The electoral facts are astonishing, Despite all the talk of it being a close three way race, the Greens won with a comfortable margin of 4,402 and secured 41% of the vote, compared with Reform on 29% and Labour on 26%.
Remember that Labour secured 50.8% of the vote in the 2024 general election and had a margin over its rivals of 36.7%, on a voter turnout almost identical to yesterday's. Gorton and Denton was, on that arithmetic, one of the 10% of the seats that it took that should have been easiest to retain.
Or to put it in the jargon, it has lost one of its safest seats. And having lost Gorton, Labour could lose almost anywhere.
There are three reasons why this is deeply problematic for Starmer personally.
First, and perhaps of least importance, the campaign it fought in the constituency now looks ridiculous. It constantly made the claim that the Greens were an irrelevance in the contest and that the only way to beat Reform was to vote Labour.
Well it got one part of the analysis right: a majority in Gorton and Denton did not want a Reform MP. But they chose Zack Polanski's Greens as the vehicle to achieve that, so disillusioned are they with Starmer's government.
Second, Starmer himself - through a committee of Labour's ruling National Executive Committee - vetoed the strongest potential candidate, Andy Burnham, mayor of Greater Manchester.
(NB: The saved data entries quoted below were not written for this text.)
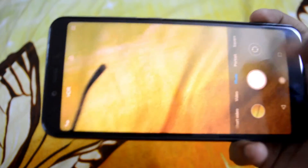The best moments of your life have to be shot on the best camera. Is the Mi A2 up for it? Let's find out in today's video.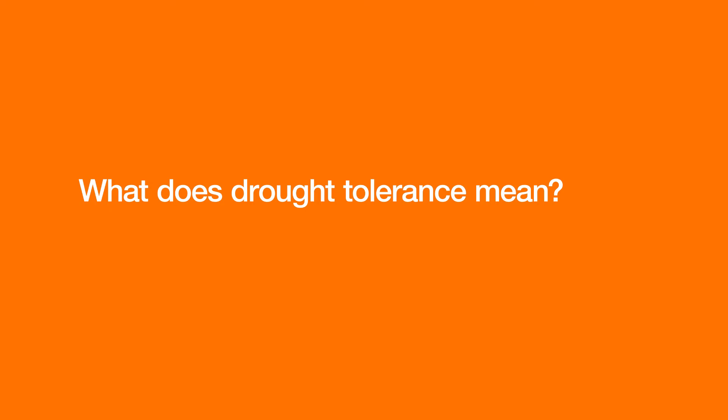What does drought tolerance mean? Drought tolerance means that tolerant hybrids are able to limit production losses when this type of stress occurs.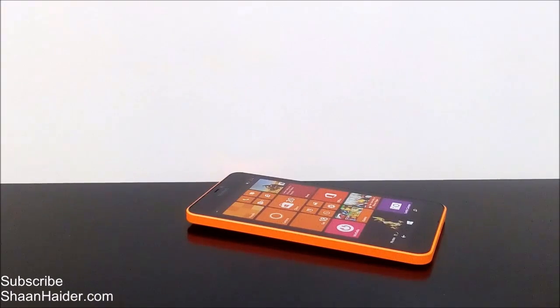Hey guys, this is Sean from shanadha.com and in this video I'm going to show you how to take the screenshot on your Microsoft Lumia 640 XL smartphone.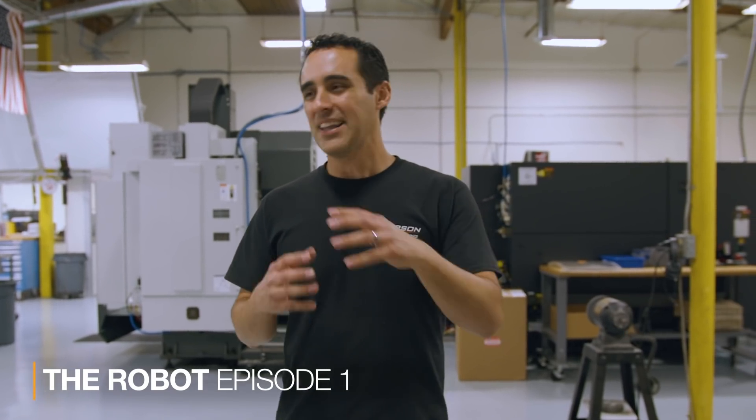Four years ago, I jumped into automation when I purchased my first Universal Robotics UR-10. I got to be honest with you, it was a little bit more than I could handle. A lot to integrate, there wasn't great support. So I sold it and bought other equipment that I needed more than a robot, but I knew I would come back to it.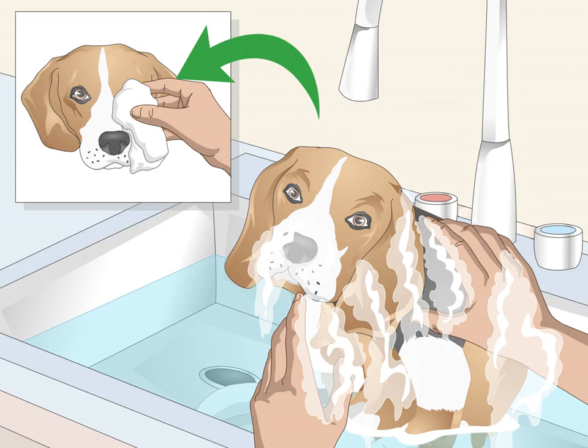Rinse the shampoo completely out of your beagle's skin and coat. If you're in the tub, you can use the shower head if your beagle isn't afraid of it. Dry off your beagle with several towels. Don't be surprised if your beagle starts rolling around as soon as you dry it off — it will do this to try to get rid of the shampoo scent.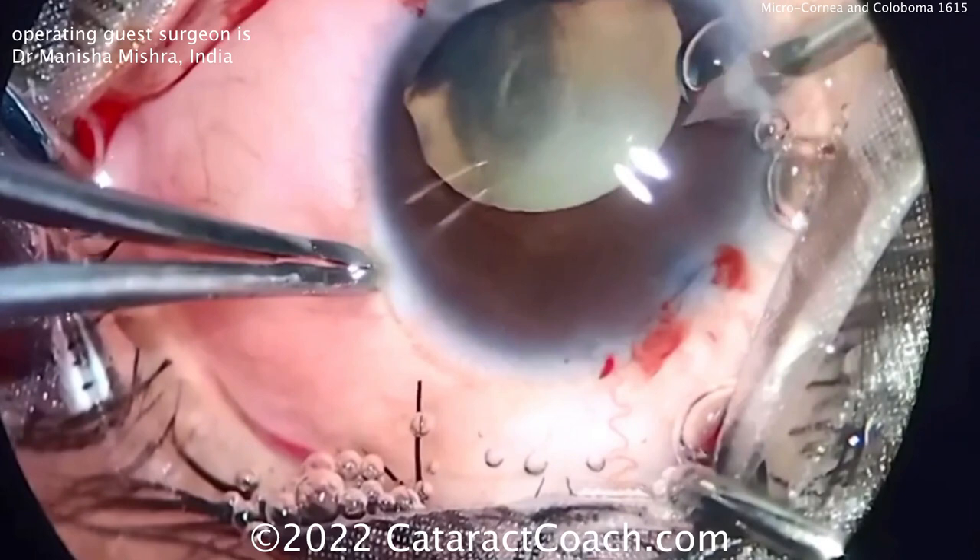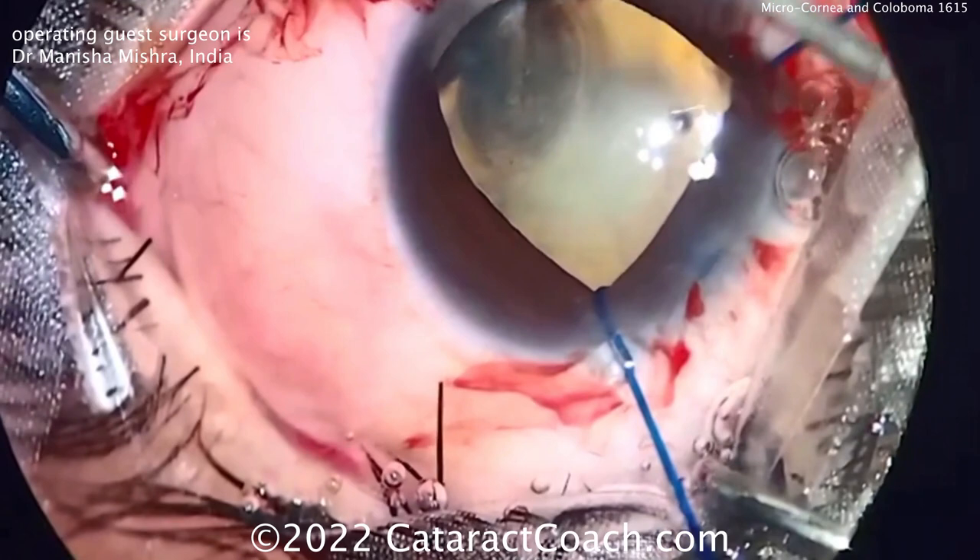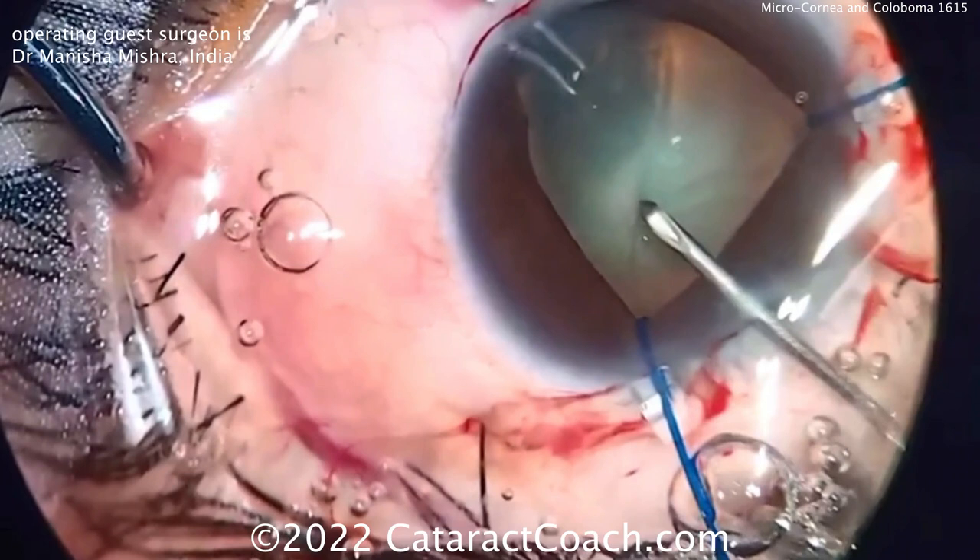Remember where the coloboma is — there's also a lack of zonular support, and you have a communication there. So you can inadvertently put blue dye in and have it go into the vitreous cavity, and you'll lose your red reflex. Now the iris hook is going in to expand that pupil and give more working room.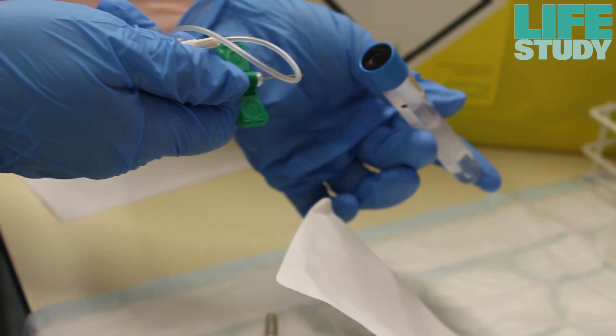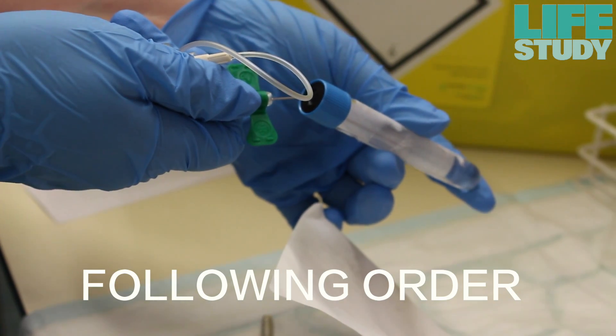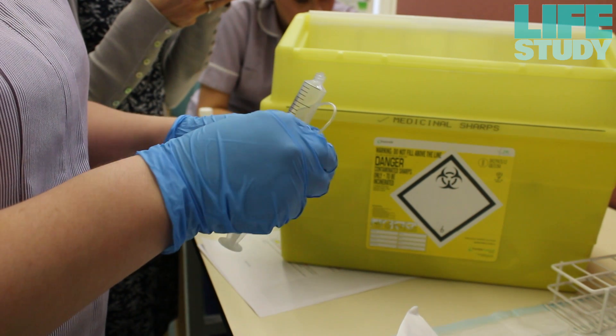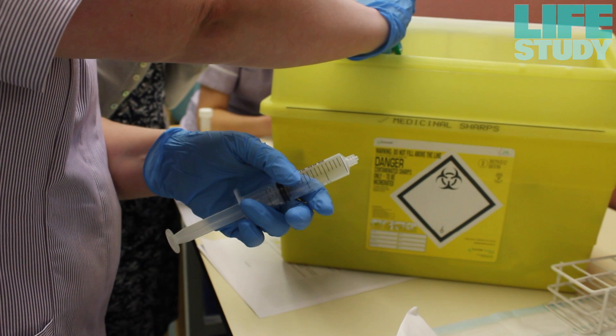Transfer the cord blood into the appropriate blood bottles in the following order. Firstly, the Tempest blood RNA tube with the blue cap. Insert the butterfly needle into the vacutainer and fill the tube with blood and recap. Discard the butterfly needle into an appropriate sharps container.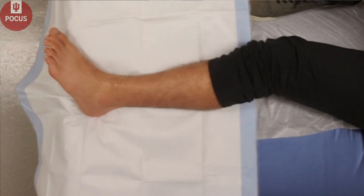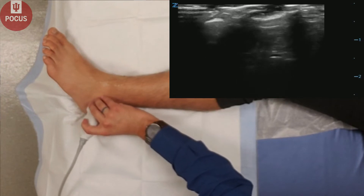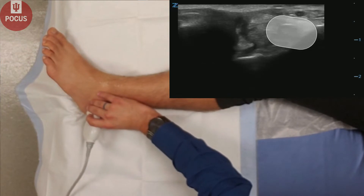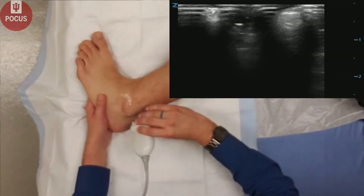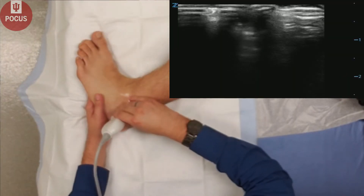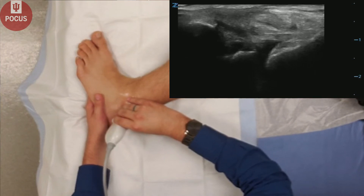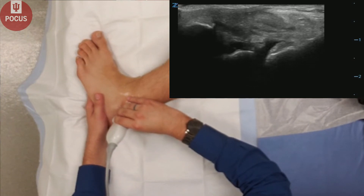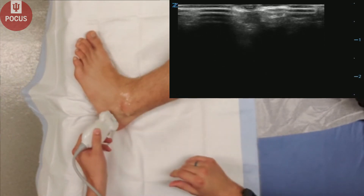Next, we'll have our patient roll the ankle to the side so we can look at the lateral ankle, and we can see the peroneus tendons in short axis here. Then we want to put quite a bit of ankle inversion, and we can make out the calcaneal fibular ligament, which rests right below the fibular tendons on the lateral side of the ankle — another common site of ankle sprains or tears.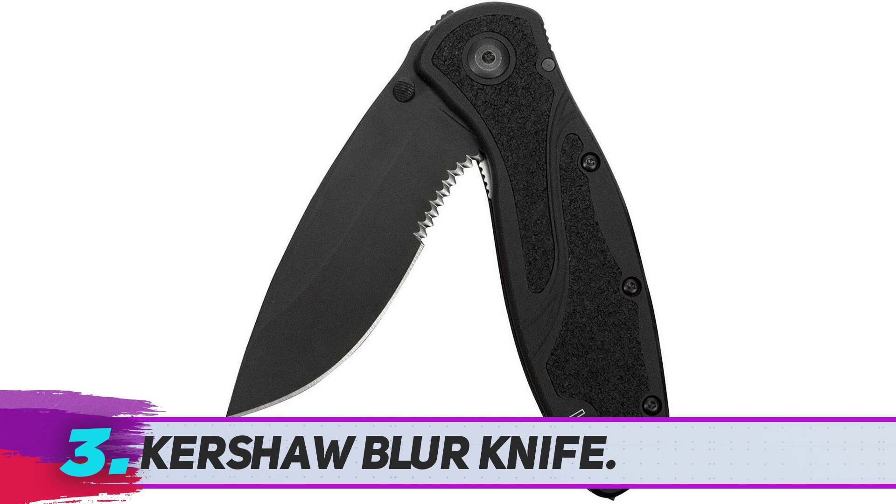Proudly crafted in the US, this tactical knife has a high-performance Sandvik 14C20A10 steel blade that is extremely sharp, and the black diamond-like carbon coating makes the blade extra hard and corrosion-resistant. The most impressive feature of the Blur Knife is its scalloped serrated straight edge on the slightly recurved 3.4-inch blade. This special design offers excellent slicing, piercing, and cutting capabilities.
We'll never know whether Burnham's personal local popularity would have reversed the anti-Labour tide, and would have secured the seat. That's at Starmer's door.
Finally the victory of the Greens is devastating to Starmer's positioning of the party, under the powerful influence of his former chief of staff, Morgan McSweeney. He allowed the Greens to flourish and grow, in fact he encouraged it, by positioning Labour to the right, on everything from immigration, to the EU to the economy, because he and McSweeney saw the main challenge as from Farage and Reform.
From election night onward, this always seemed eccentric at best, since one of the conspicuous trends in that election was how well parties of the left performed. If Starmer wanted to be in power for the ten years he said was necessary to change the country, he always needed to position Labour as part of a loose informal grouping that would include the LibDems and the Greens.
Instead he set those parties up in many voters' minds as the principled alternatives to both Reform and Labour. He could have taken the oxygen away from the Greens and the LibDems. Instead he fed them.
Starmer's Labour will also have been hurt in Gorton and Denton, with its significant muslim and student communities, by his cautious approach to criticising the Israeli government's strikes on Gaza and by taking his pragmatic, friendly approach to Trump. Some Labour MPs will give him the benefit of the doubt in those respects. But most will just be frantically worried about their career prospects.
So what follows from Labour's Gorton catastrophe?
First, the pressure for a massive overhaul of Labour's political positioning and policies will become irresistible.
Second, Starmer's own credibility is now so damaged that he will struggle to recover.
If he has another roll of the dice before the local and national elections on 7 May, it's only because no credible alternative candidate to be leader is ready to launch a campaign yet.
But even members of his cabinet say that the consensus among Labour MPs is he won't lead them into the next election. And when they say that so casually, it's difficult to see how even Starmer - who prides himself on never giving up - will keep on keeping on.